#### What you are asked to do:
Set every record down again exactly. Do not carry over the pictures.

[Stored entries]
-=-=-

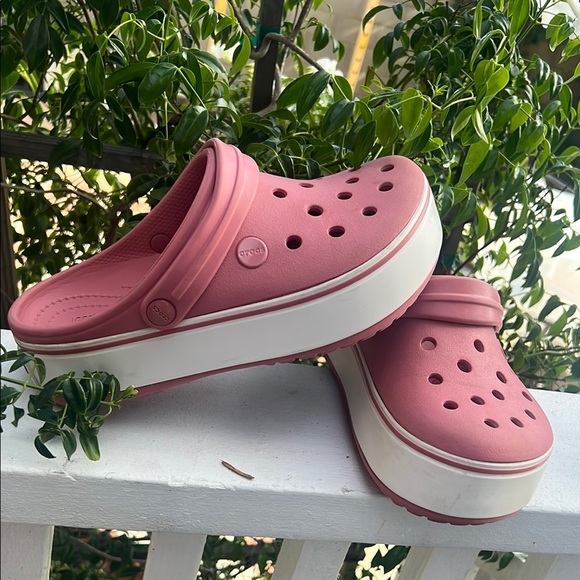 Women’s/Kids Pink Clogs Size 6-4 iconic CROCS Comfort clogs - Picture 8 of 15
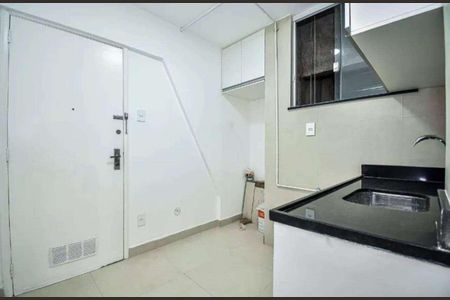 Apartamento à venda com 25m², 1 quarto e 1 vaga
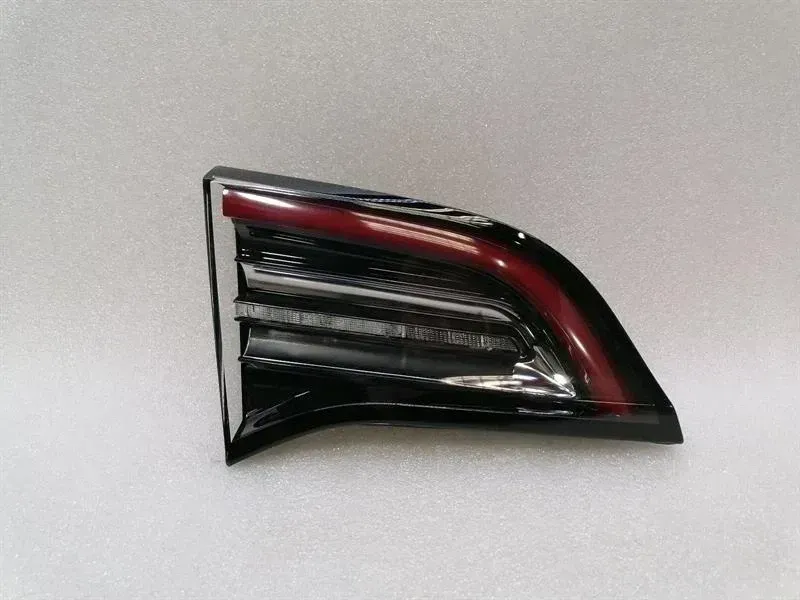Tesla Model 3 STANDARD RANGE Left Rear Light 1077401-00-G Tail Light Rear Li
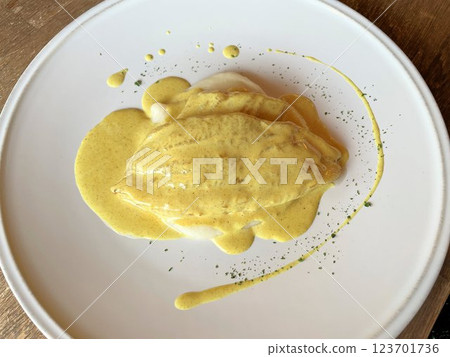 A casual course meal at a fashionable cafe. Sole meunière in curry cream sauce 123701736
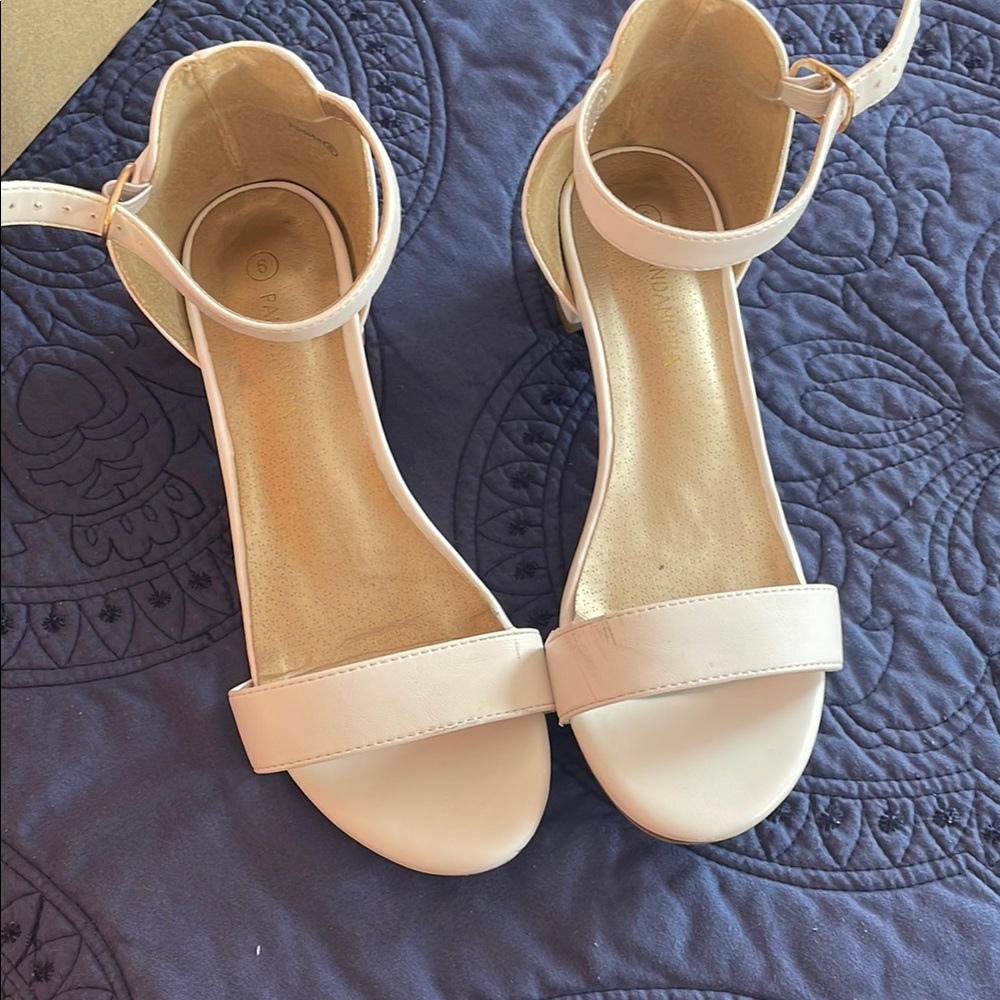 Elegant WhiteWomen's Sandals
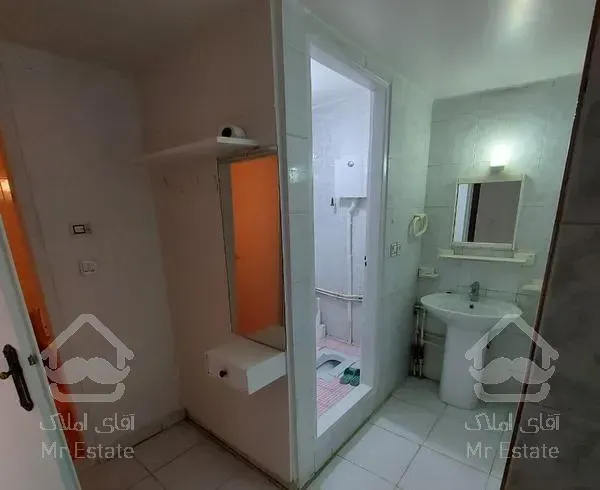 گیشا ۱۶۰ متری نزدیک‌ پارک گفتگو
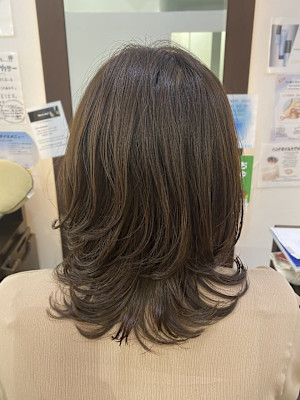 くびれレイヤースタイル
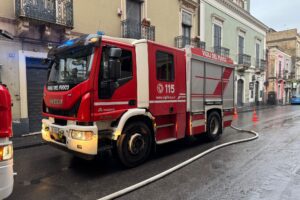 Paternó, in fiamme 2 auto in via Vittorio Emanuele: probabile corto circuito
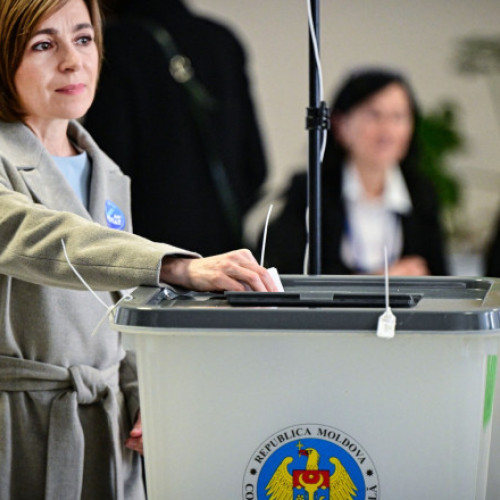 UE planifică un pas important pentru Moldova în procesul de aderare la blocul european înainte de alegerile din septembrie, devansând astfel Ucraina pentru prima dată, notează Politico. Conform surselor din Uniune, oficialii europeni analizează posibilitatea de a deschide un „prim grup de negociere” pentru Moldova la începutul lunii viitoare, după reuniunea miniștrilor UE. Acest pas ar reprezenta o etapă esențială în parcursul de aderare și ar oferi un sprijin electoral puternic președintelui Maia Sandu, lidera care promovează integrarea în Uniunea Europeană într-un moment în care Rusia încearcă să influențeze votul în favoarea sa.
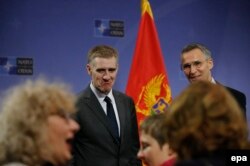 Генеральний секретар НАТО Єнс Столтенберґ (праворуч) та міністр закордонних справ Чорногорії Ігор Луксіч на спільній прес-конференції у штаб-квартирі НАТО у Брюсселі. Грудень 2015 року
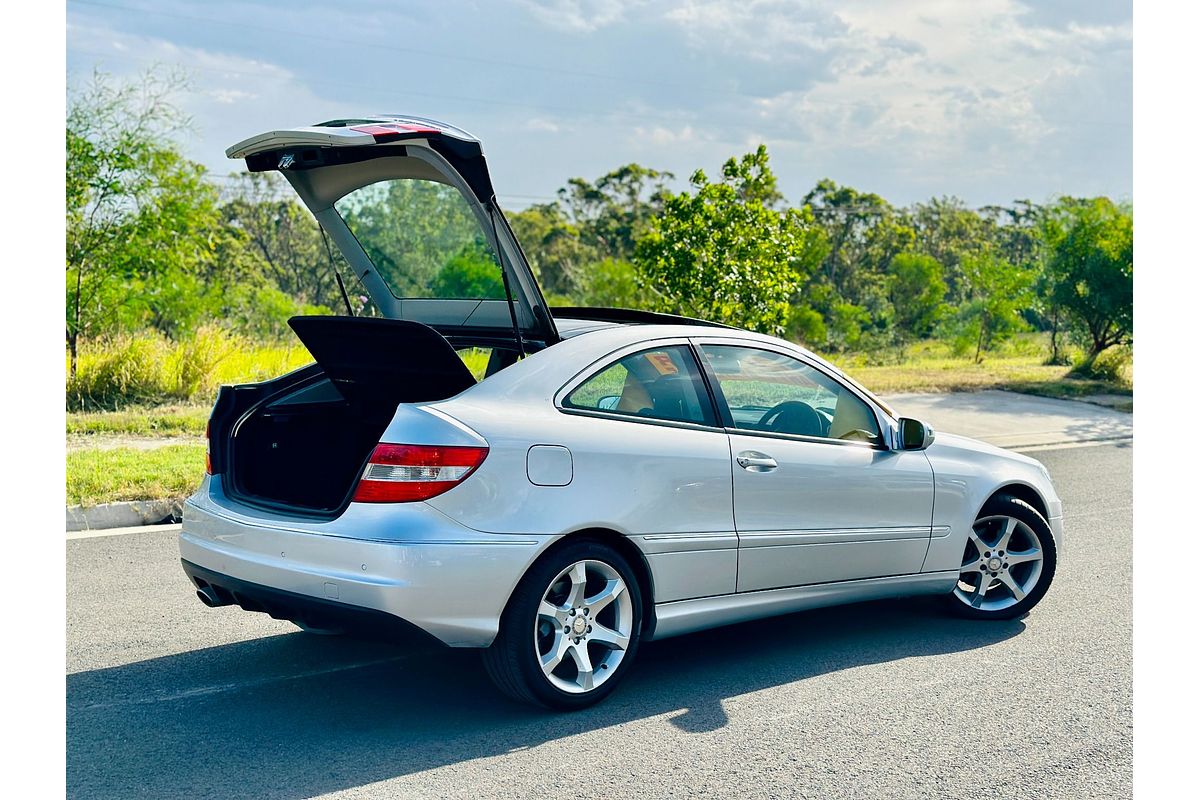 2009 Mercedes-Benz CLC 200 KOMPRESSOR 203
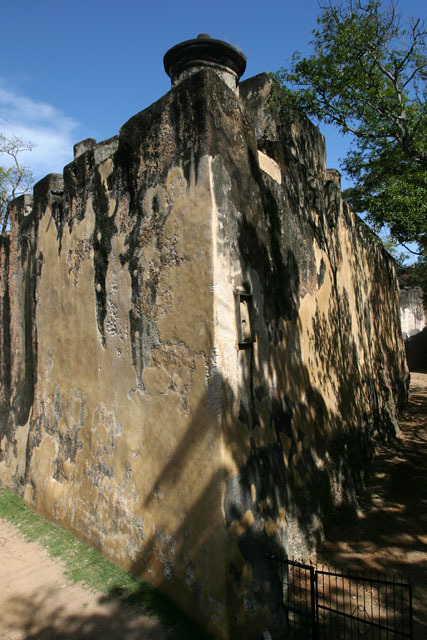 Exterior view of S. Filipe Bastion at northeast corner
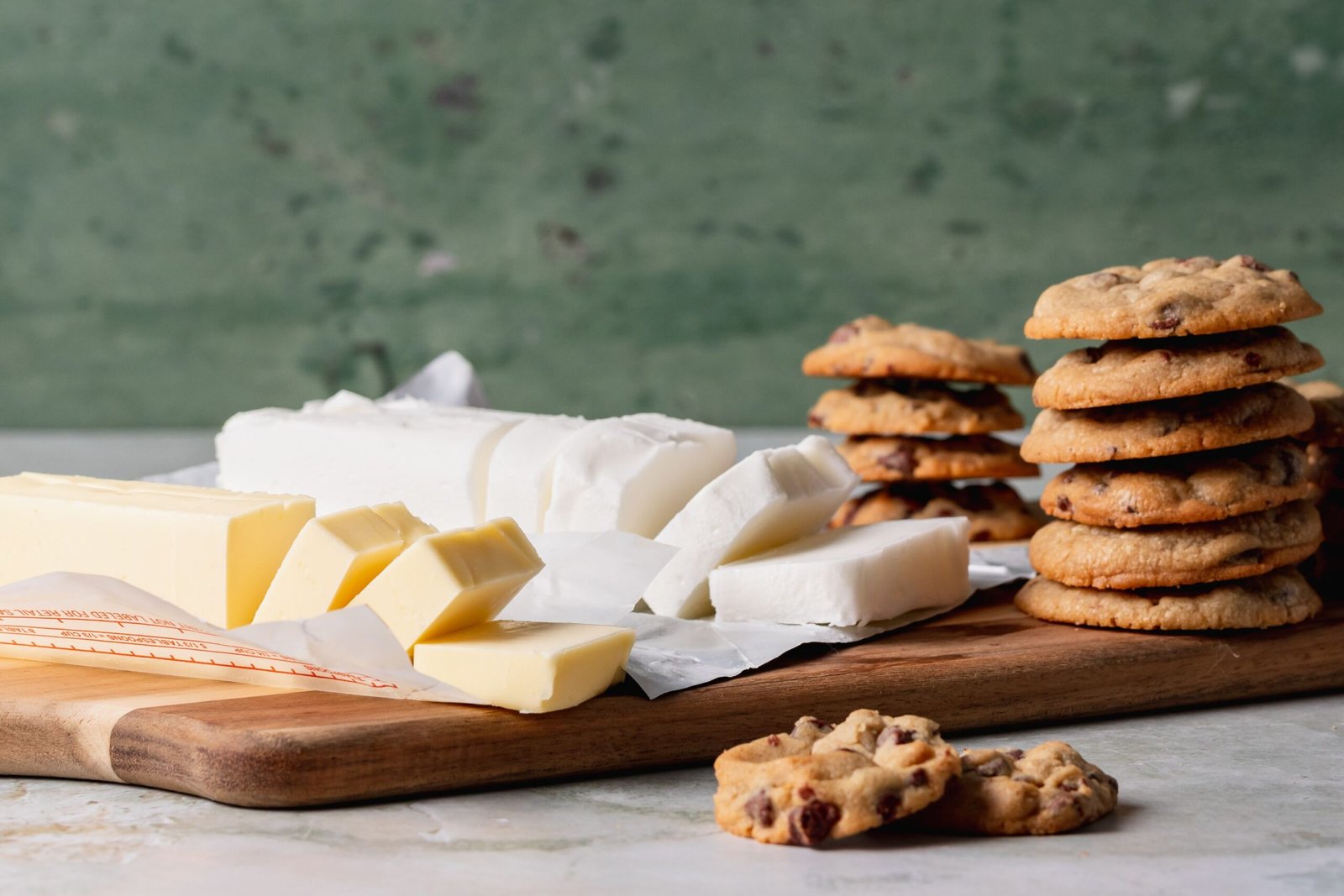 Công Dụng Của Bơ Thực Vật trong làm bánh Là Gì?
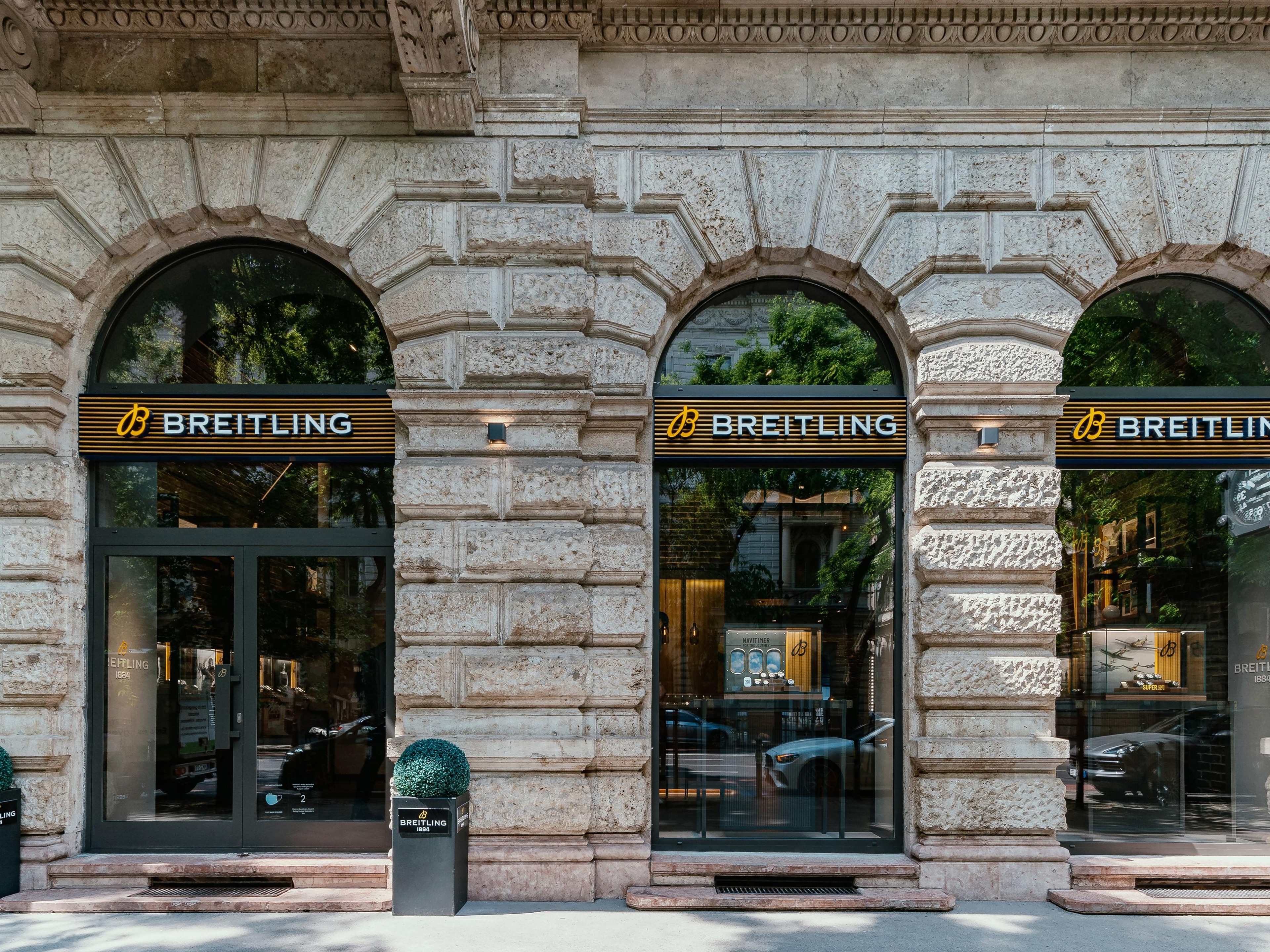 BREITLING BOUTIQUE BUDAPEST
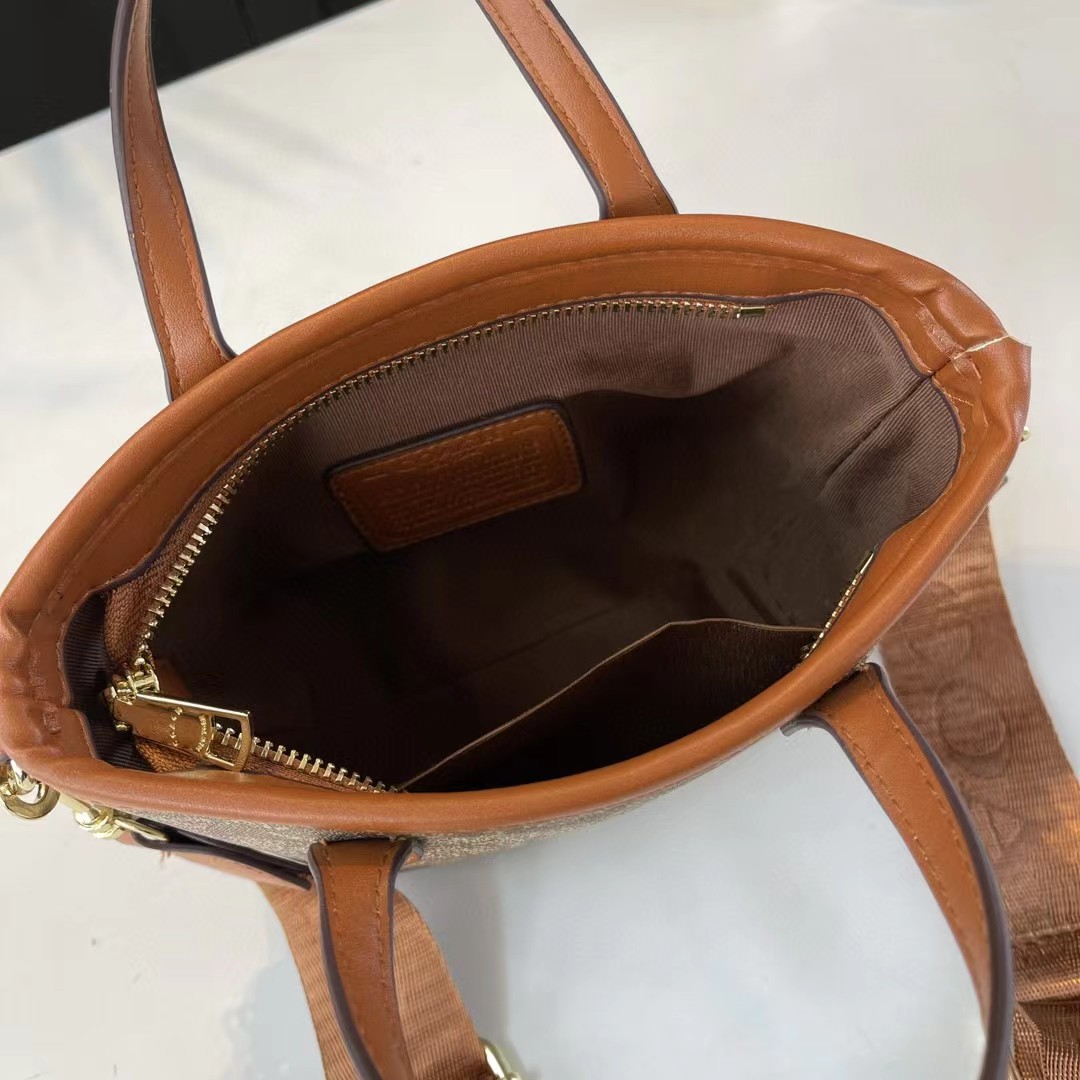Cheap Replica Coach Tote Bag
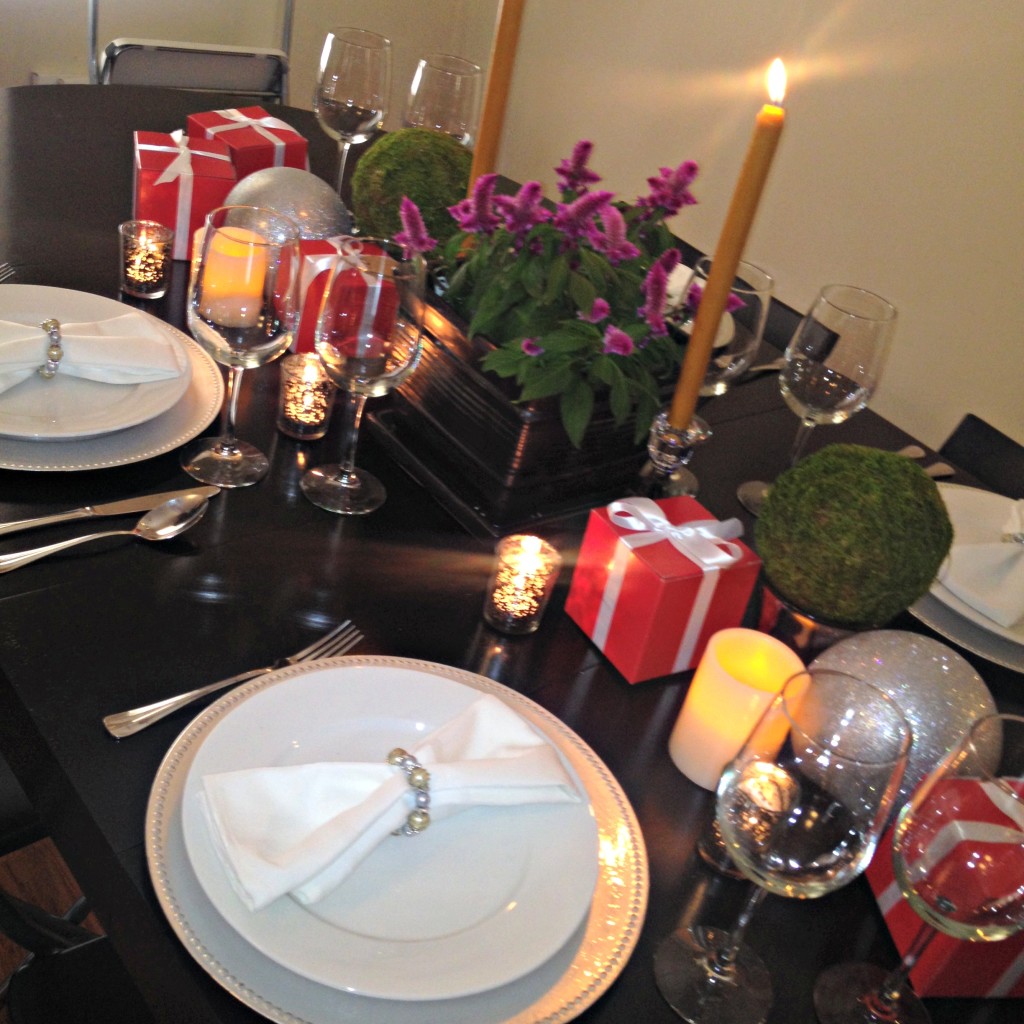 table setting, how to set a table, how to decorate a table for christmas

-=-=-

#### Expected output:
 Women’s/Kids Pink Clogs Size 6-4 iconic CROCS Comfort clogs - Picture 8 of 15
 Apartamento à venda com 25m², 1 quarto e 1 vaga
Tesla Model 3 STANDARD RANGE Left Rear Light 1077401-00-G Tail Light Rear Li
 A casual course meal at a fashionable cafe. Sole meunière in curry cream sauce 123701736
 Elegant WhiteWomen's Sandals
 گیشا ۱۶۰ متری نزدیک‌ پارک گفتگو
 くびれレイヤースタイル
 Paternó, in fiamme 2 auto in via Vittorio Emanuele: probabile corto circuito
 UE planifică un pas important pentru Moldova în procesul de aderare la blocul european înainte de alegerile din septembrie, devansând astfel Ucraina pentru prima dată, notează Politico. Conform surselor din Uniune, oficialii europeni analizează posibilitatea de a deschide un „prim grup de negociere” pentru Moldova la începutul lunii viitoare, după reuniunea miniștrilor UE. Acest pas ar reprezenta o etapă esențială în parcursul de aderare și ar oferi un sprijin electoral puternic președintelui Maia Sandu, lidera care promovează integrarea în Uniunea Europeană într-un moment în care Rusia încearcă să influențeze votul în favoarea sa.
 Генеральний секретар НАТО Єнс Столтенберґ (праворуч) та міністр закордонних справ Чорногорії Ігор Луксіч на спільній прес-конференції у штаб-квартирі НАТО у Брюсселі. Грудень 2015 року
 2009 Mercedes-Benz CLC 200 KOMPRESSOR 203
 Exterior view of S. Filipe Bastion at northeast corner
 Công Dụng Của Bơ Thực Vật trong làm bánh Là Gì?
 BREITLING BOUTIQUE BUDAPEST
Cheap Replica Coach Tote Bag
 table setting, how to set a table, how to decorate a table for christmas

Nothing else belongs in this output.